November 28, 2024
BANGOR DAILY NEWS (BANGOR, MAINE

Helping early and often

A legislative task force recently documented what many parents already knew: The most dramatic learning years for a child are the earliest. Lawmakers next week will have the chance to support a bill that does something useful with this information so that the greatest number of Maine children can benefit.

LD 2260, which directs state agencies to develop a plan to help family services, deserves enthusiastic legislative support. It is the next step in a long process between identifying where the state can be useful in supporting early childhood development and putting those ideas into practice. Specifically, the bill is a resolve that directs the commissioners of corrections, human services, education and mental health — called the Children’s Cabinet — to draft a fiscal plan for programs that are found to be effective.

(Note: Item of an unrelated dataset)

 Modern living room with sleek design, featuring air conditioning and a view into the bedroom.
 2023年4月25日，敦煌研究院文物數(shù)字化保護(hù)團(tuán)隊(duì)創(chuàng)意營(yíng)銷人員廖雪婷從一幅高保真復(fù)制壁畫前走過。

Maine, of course, already has a plenitude of programs to help kids. LD 2260 has the Children’s Cabinet bring organization to the effort so that more children in need of these services can get better support. A few of the top programs mentioned in the resolve are Healthy Families, Communities for Children, Parents as Teachers and Parents are Teachers, Too. The names of the last two groups are particularly important because the ideas behind the legislation are as much about the crucial role parents play throughout a child’s life as about the children themselves.

In this era of subservience to experts, it is easy to belittle to role of the people who actually do the work, or ought to do it. When it comes to raising children, teachers are terrific and politicians prodigious, but they can’t begin to be effective without parents taking the lead. The truth is, however, that parenting is the biggest instance of on-the-job training around. This bill, presented by Rep. Tina Baker of Bangor, is an attempt to make sure that parents have resources at hand to do the best job they can.

The support should not begin and end with government. Everyone in the community has a stake in seeing that parents are able to do a good job, and there are many ways citizens and businesses can help. MBNA, for instance, will play host to a conference in May on brain development, with the goal of finding methods to provide healthy starts for young children. Similar conferences could not only impart important information but change the commonly held assumption that raising children is largely intuitive.

LD 2260 is a way for the Legislature to improve the chances that, whatever Maine does to help children, it does in a logical and consistent way. It’s a great start to improving kids’ lives.